My Kind of Country

Country music from a fan's point of view since 2008

Album Review: Merle Haggard – ‘Working In Tennessee’

Last year’s excellent I Am What I Am showed that a seventy-something Merle Haggard was still an artistic force to be reckoned with. His latest album (tastefully produced by the same team of Lou Bradley and Haggard himself) is not quite as strong, with good but not really outstanding material, and his ageing vocals seem to me to have deteriorated noticeably even since his last studio outing. But even a little below his best, he is always worth paying attention to.

Haggard wrote almost all of the songs, with two exceptions. He is convincingly unrepentant playing the drink-and-drugs fuelled murderer on T J Arnall’s ‘Cocaine Blues’ – famously covered by Johnny Cash at Folsom Prison. The other is a pleasant but unremarkable version of classic duet ‘Jackson’ sung with Haggard’s wife Theresa, who made her debut on I Am What I Am.

She and Doug Colosio helped to write the interesting but distinctly odd ‘Laugh It Off’, offering advice to someone with a tendency to get in trouble with the law, and featuring an unnerving manic cackle. ‘Under The Bridge’ (another Theresa co-write with her husband) is a melodic portrait of an unemployed homeless couple with a possibly unrealistic optimistic outlook. The best of her contributions is the mellow reminiscing of early married life ‘Down On The Houseboat’, which sounds autobiographical with its mention of daughter Jenessa as an infant; Theresa’s harmony vocals add to the touching intimacy. Jenessa in turn wrote one song with her father, the rather good ‘Sometimes I Dream’, which has an attractive tune and pensive lyrics about coming to terms with a broken heart, and could have been a hit if it had been recorded 30 years ago.

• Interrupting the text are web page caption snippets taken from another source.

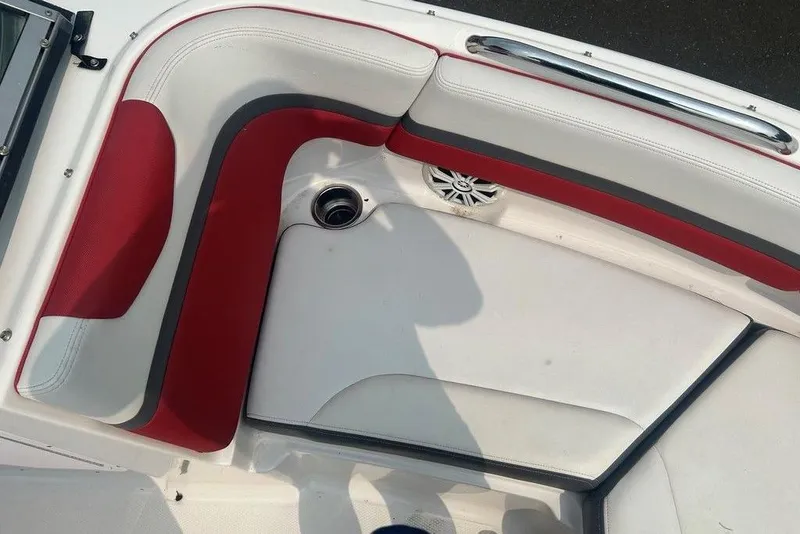 Slide: The Image of 2015 Chaparral Vortex 203 VR boat interior with red and white seating. - 20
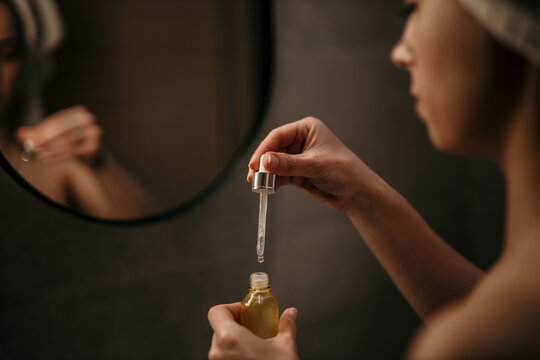 young woman looking in the mirror, holding a dropper with hyaluronic acid serum close to her face. s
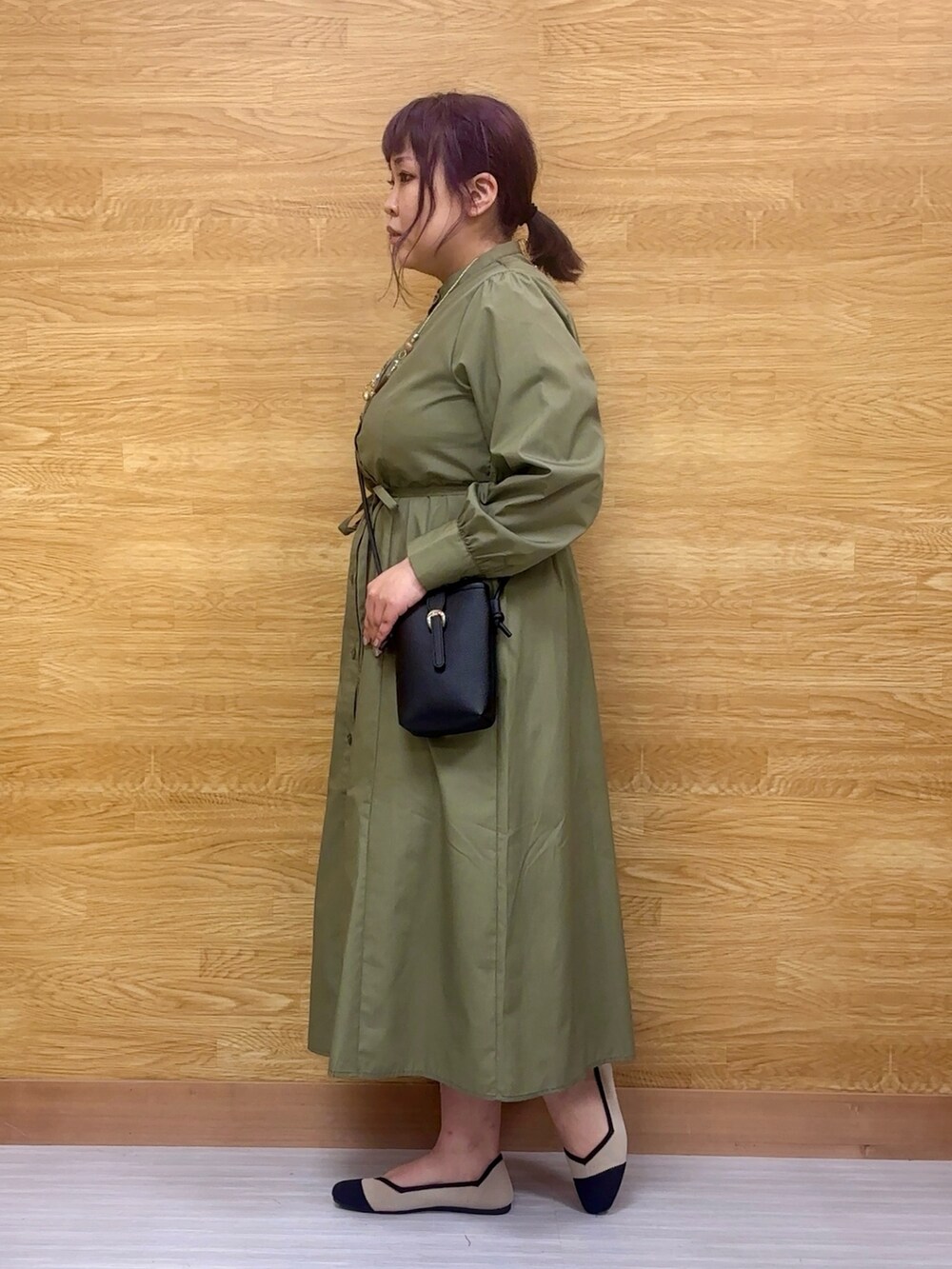 グリーン系のワンピース、ブラック系のパンプス、ブラック系のショルダーバッグを着用したレディースの春コーディネートの2枚目の写真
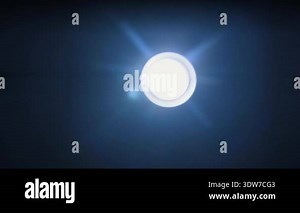 A bright circular LED light flashes repeatedly against a pitch-black background with blue lens flares. Concept of emergency signaling, electrical malfunction, and dramatic strobe effects Stock Video Footage - Alamy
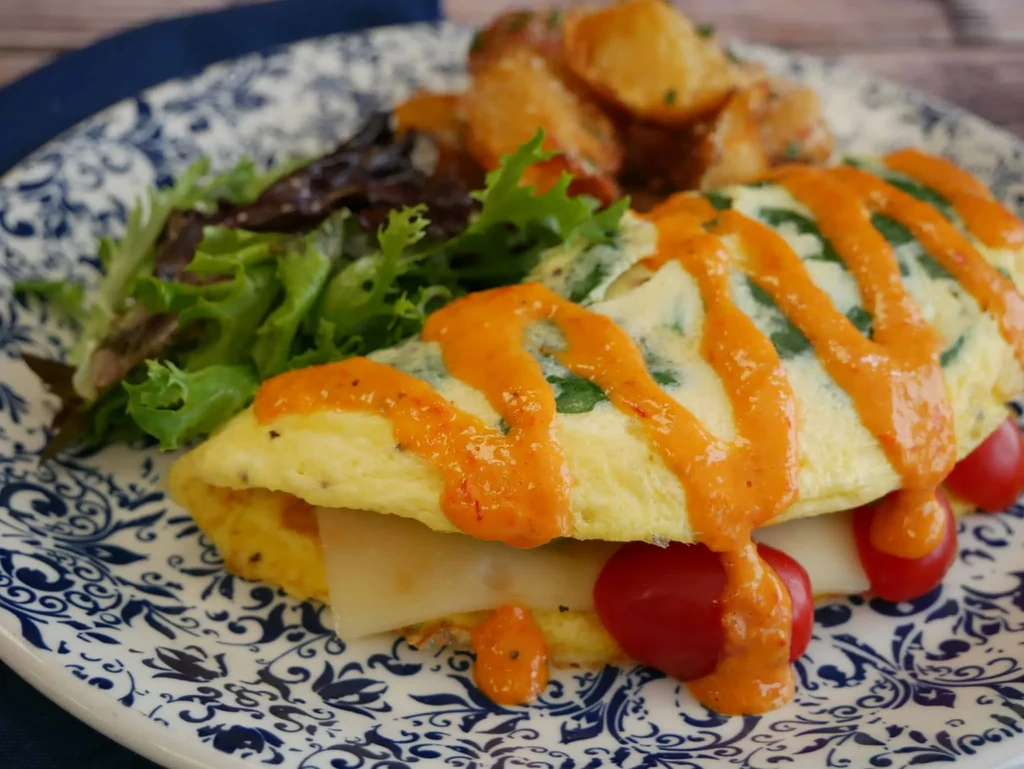 Close-up of an omelet with cheese, tomatoes, sauce, salad, potatoes.
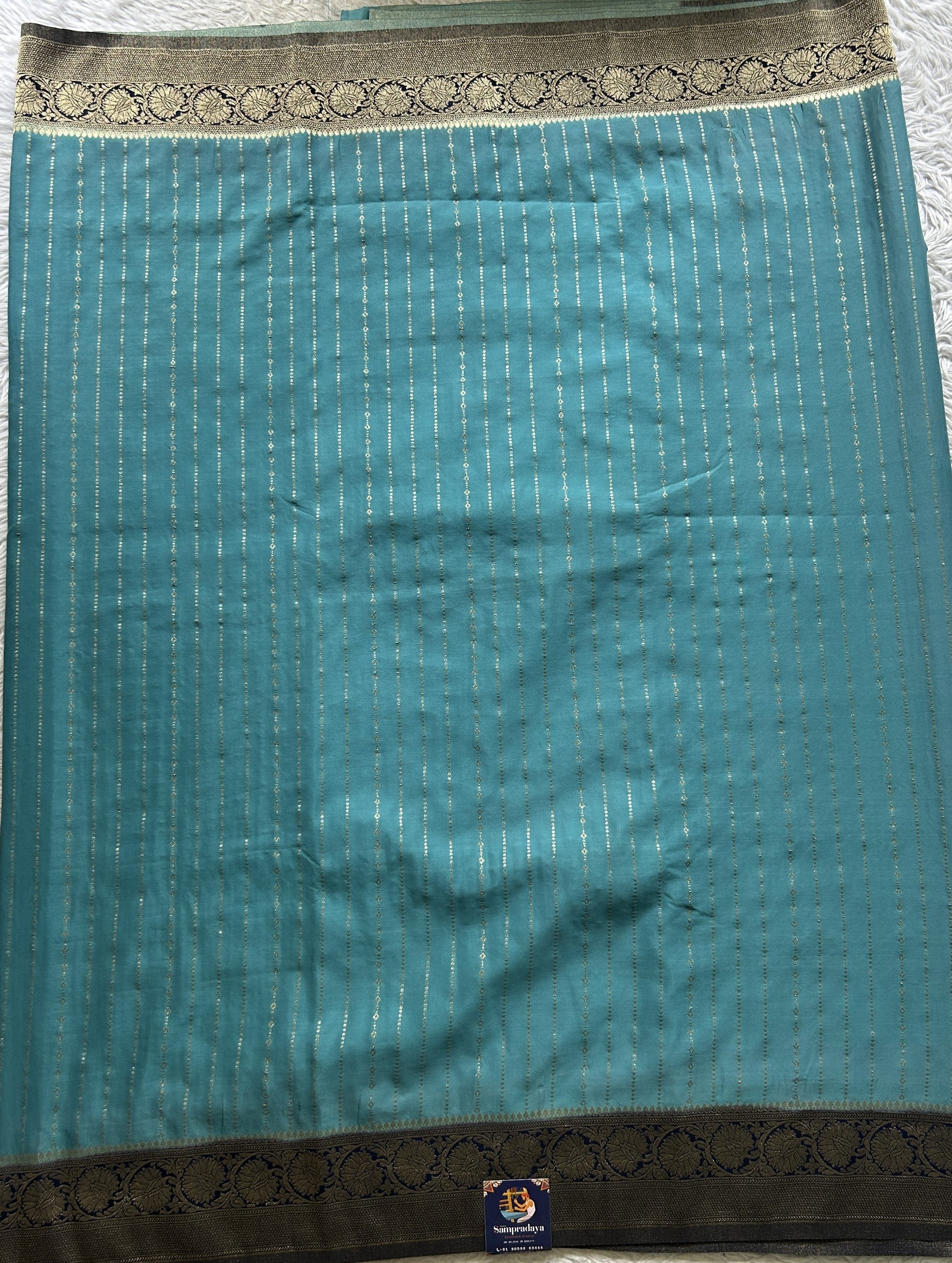 Semi Georgette Saree Aqua Blue Colored Elegantly Paired with a Zari Border. - Sampradaya Designer Studio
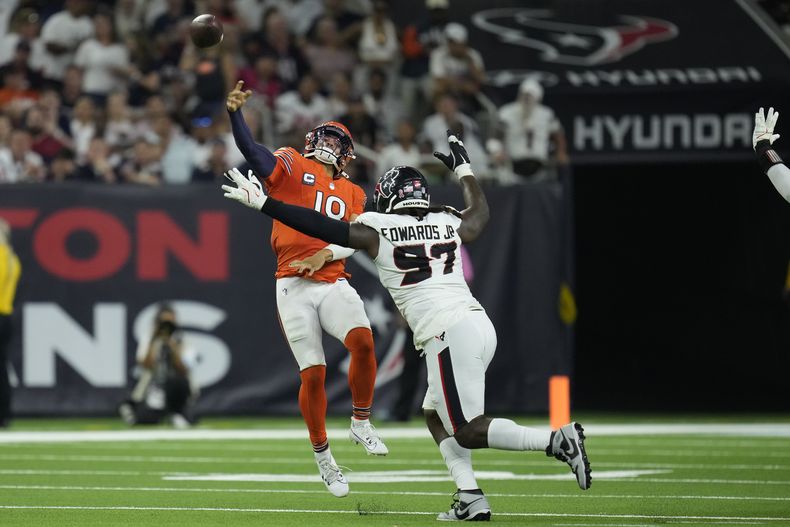 Caleb Williams (18), quarterback de los Bears de Chicago, lanza sobre el defensive tackle Mario Edwards Jr. (97), de los Texans de Houston, surante la segunda mitad del juego de la NFL, el domingo 15 de septiembre de 2024, en Houston. (AP Foto/Eric Christian Smith)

Haggard’s teenage son Ben and old friend Willie Nelson guest on a revival of ‘Workin’ Man Blues’. Young Ben has a pretty good voice and plays guitar as well; I’ll be interested in seeing how his career develops.

Haggard has never been reluctant to express socio-political views, and here he lets us know ‘What I Hate’ (including hypocritical politicians and apathy), and advocating change:

What I live for is a chance to change and be everything I can be…
Now we can’t change the whole wide world
But maybe we could change our neighborhood

‘Truck Drivers’ Blues’ (written with Tim Howard) is a bit dull, although it is nicely played.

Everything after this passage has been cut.